At The Coachella Review, Steve Almond shares a lively exchange with an editor who received a $50,000 advance asking him to write for free, for good will—an entry for the book The Enlightened Bracketologist: The Final Four of Everything.

When Almond asks the editor in question, Mark Reiter, about the pay, the editor states:

You’re right, it is fun. Alas, there’s no money in it for contributors. Our fact-checker Matt is the only one making a net profit on this project.  The best we can do is a plug for your book and promising you the (admittedly disputable) pleasure you get in putting your life’s passion to good use for a new cohort of readers.

Almond then asks the very reasonable question about who exactly is being paid for the project and Reiter states:

Yes, Richard Sandomir and I are sharing an advance of $50,000. That’s $25,000 each. Take away the 15% agency commission, it’s down to $21,250 each. I’m paying my assistant Emily Sklar an extra $5000 out of my pocket to handle the logistics (tracking down folks like you, for example). We’re delivering to Bloomsbury 100 brackets.

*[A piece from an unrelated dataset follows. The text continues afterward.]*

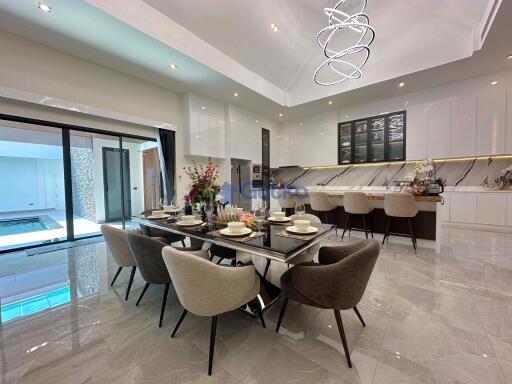 4 Bedrooms House in Bibury East Pattaya H011248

We can’t pay some people and not others, but if we did offer payment-less than $500 would be pointless-to everyone, the math says we’d be in the red. Royalties in excess of the advance (should they materialize) go to Richard and me. That’s the economics of this project.

Almond counters with a reasonable suggestion for how everyone can walk away happy:

The only compromise I can live with is to ask that you pay me a small fee for “first-serial rights” to my bracket, which you’re then free to publish elsewhere. Or agree to pay me a tiny percentage of the royalties. This has no bearing on your other contributors. It would be an agreement written into my contract.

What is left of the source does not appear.